How to Calculate Gauge Pressure for Water Exiting a Tapered Pipe?
To find the gauge pressure required for water to emerge from the small end of a tapered pipe with a speed of 12 m/s when the small end is elevated 8 m above the large end of the pipe, we can use Bernoulli's equation. This equation relates the pressure, velocity, and elevation of an incompressible fluid and is stated as:
P + (1/2)ρv^2 + ρgh = constant
Where:
P is the pressure within the fluid,
ρ (rho) is the density of the fluid,
v is the velocity of the fluid,
g is the acceleration due to gravity, and
h is the elevation above a reference point.
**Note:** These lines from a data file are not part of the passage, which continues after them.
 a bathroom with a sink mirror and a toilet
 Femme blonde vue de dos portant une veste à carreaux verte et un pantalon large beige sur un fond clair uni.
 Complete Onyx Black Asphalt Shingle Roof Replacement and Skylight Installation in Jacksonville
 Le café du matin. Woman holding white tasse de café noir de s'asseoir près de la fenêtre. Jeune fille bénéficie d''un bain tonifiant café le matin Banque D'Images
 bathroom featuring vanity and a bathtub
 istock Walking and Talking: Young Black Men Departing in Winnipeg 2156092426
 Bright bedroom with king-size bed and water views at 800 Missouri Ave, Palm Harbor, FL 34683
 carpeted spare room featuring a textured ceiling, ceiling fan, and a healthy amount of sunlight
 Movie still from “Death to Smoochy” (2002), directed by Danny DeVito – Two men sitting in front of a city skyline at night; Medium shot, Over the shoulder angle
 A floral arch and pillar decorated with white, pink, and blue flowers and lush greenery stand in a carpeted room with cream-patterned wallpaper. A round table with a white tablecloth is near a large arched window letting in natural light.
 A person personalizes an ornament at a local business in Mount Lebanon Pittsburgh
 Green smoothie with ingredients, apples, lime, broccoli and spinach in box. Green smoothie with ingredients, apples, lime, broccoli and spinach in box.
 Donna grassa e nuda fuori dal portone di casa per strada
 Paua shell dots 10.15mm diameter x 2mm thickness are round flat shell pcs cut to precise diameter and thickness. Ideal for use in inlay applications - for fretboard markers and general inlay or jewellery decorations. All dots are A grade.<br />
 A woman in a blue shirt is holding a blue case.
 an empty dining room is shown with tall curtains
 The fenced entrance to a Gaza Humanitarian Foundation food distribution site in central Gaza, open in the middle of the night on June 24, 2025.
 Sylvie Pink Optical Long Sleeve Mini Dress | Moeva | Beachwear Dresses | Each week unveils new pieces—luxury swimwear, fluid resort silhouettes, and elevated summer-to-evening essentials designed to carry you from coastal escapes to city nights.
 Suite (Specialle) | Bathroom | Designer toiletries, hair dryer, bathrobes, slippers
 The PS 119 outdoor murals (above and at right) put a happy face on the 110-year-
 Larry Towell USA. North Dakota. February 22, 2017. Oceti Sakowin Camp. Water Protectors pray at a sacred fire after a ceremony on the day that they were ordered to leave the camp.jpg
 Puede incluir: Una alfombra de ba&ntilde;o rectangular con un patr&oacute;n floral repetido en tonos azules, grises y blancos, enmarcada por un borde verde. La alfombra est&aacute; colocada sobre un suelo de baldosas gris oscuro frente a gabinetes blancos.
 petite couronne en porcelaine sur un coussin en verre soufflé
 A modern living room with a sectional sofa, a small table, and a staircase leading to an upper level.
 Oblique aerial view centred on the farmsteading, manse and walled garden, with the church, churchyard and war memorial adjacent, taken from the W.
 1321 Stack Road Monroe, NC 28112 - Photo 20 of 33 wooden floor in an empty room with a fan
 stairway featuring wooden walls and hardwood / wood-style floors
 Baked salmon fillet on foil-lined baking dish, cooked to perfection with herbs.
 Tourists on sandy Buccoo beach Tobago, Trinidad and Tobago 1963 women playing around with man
At the large end, assuming the water is essentially static (v = 0), the equation becomes:
P_large + ρgH = constant
At the small end, where the water is moving at 12 m/s, and the end is 8 meters above the large end, the equation is:
P_small + (1/2)ρv^2 + ρgh = constant
To find the gauge pressure, we subtract the pressure at the large end from the pressure at the small end:
Gauge Pressure = P_small - P_large = (1/2)ρv^2 + ρgh
Substituting ρ (the density of water) as 1000 kg/m^3, g (gravity) as 9.81 m/s^2, v as 12 m/s, and h as 8 m, we get:
Gauge Pressure = (1/2) (1000 kg/m^3)(12 m/s)^2 + (1000 kg/m^3)(9.81 m/s^2)(8 m)
This calculation will give us the needed gauge pressure to achieve the specified conditions.